[[ Given data open ]]

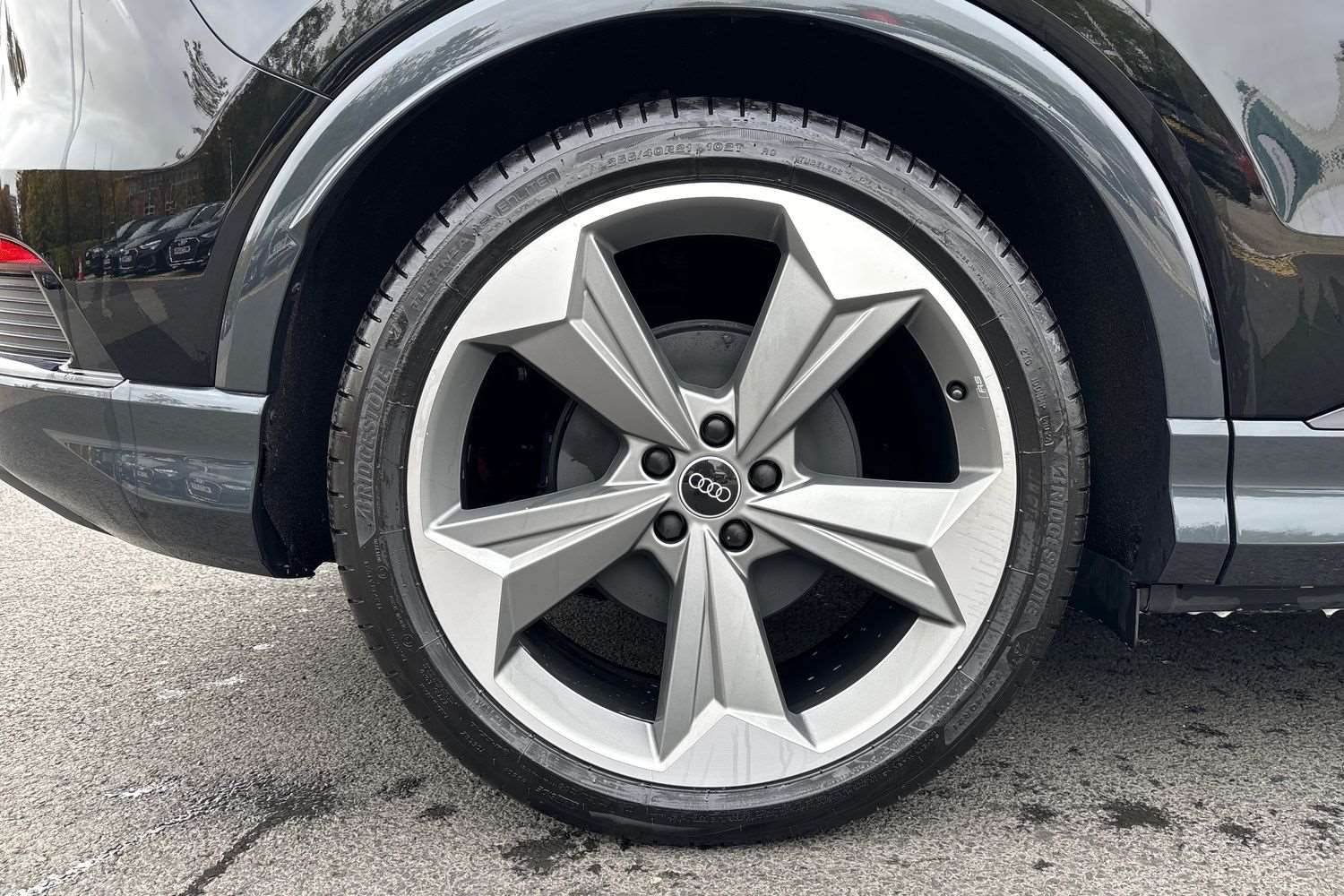 Used Audi Q4 e-tron 2025 for sale - 76286239: Photo 9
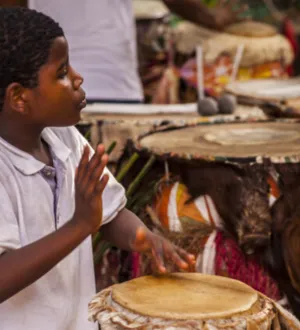 Imagem ilustrativa da imagem Afoxé Olorum Baba Mi oferta oficinas gratuitas de percussão e adereços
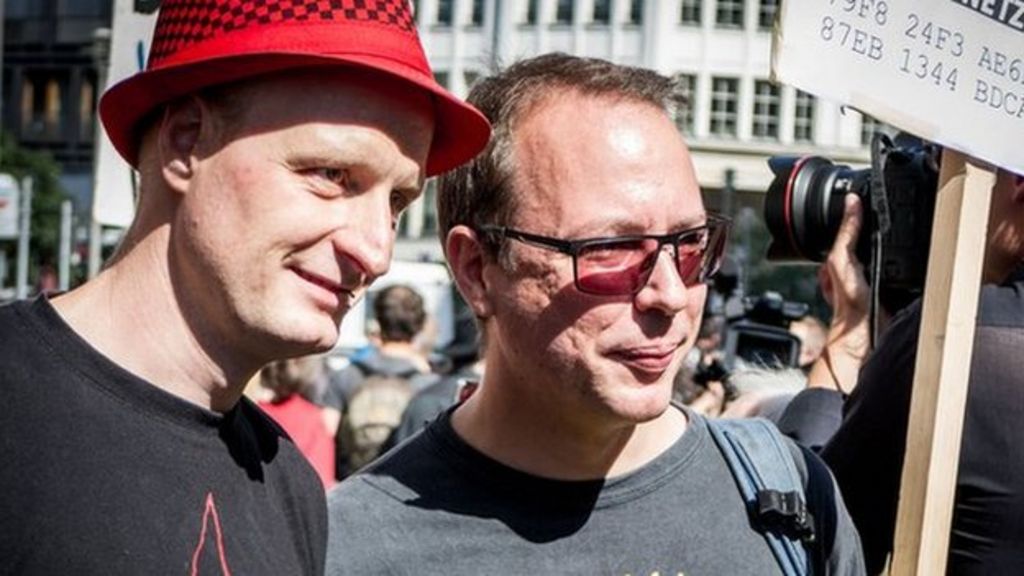 Probe into spy leaks site paused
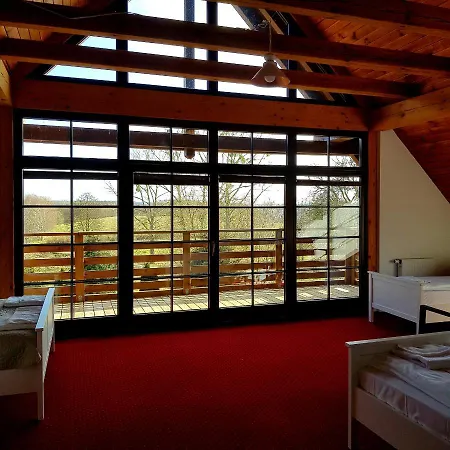 Alojamento de Acomodação e Pequeno-almoço Karczma Tyrolska U Martina Złocieniec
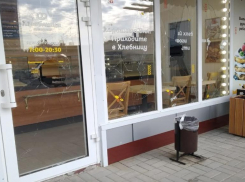 На видео попало, как подростки разгромили витрину пекарни в Волгограде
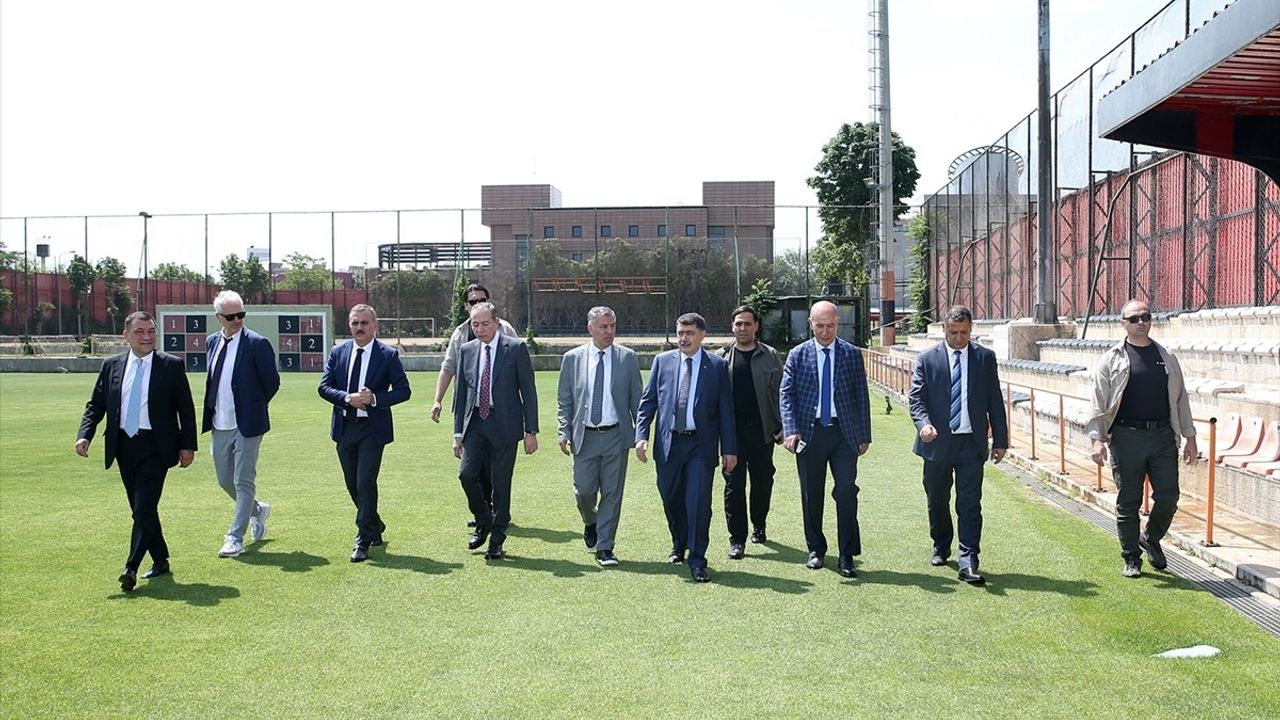 Ankara Valisi Vasip Şahin Gençlerbirliği'ni Ziyaret Etti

[[ Given data closed ]]

- [What needs to be done]: Output the lines of the data exactly, starting at the first and ending with the line that has "Alojamento de Acomodação". Pictures are not part of it.

- [Reply]:
 Used Audi Q4 e-tron 2025 for sale - 76286239: Photo 9
 Imagem ilustrativa da imagem Afoxé Olorum Baba Mi oferta oficinas gratuitas de percussão e adereços
 Probe into spy leaks site paused
 Alojamento de Acomodação e Pequeno-almoço Karczma Tyrolska U Martina Złocieniec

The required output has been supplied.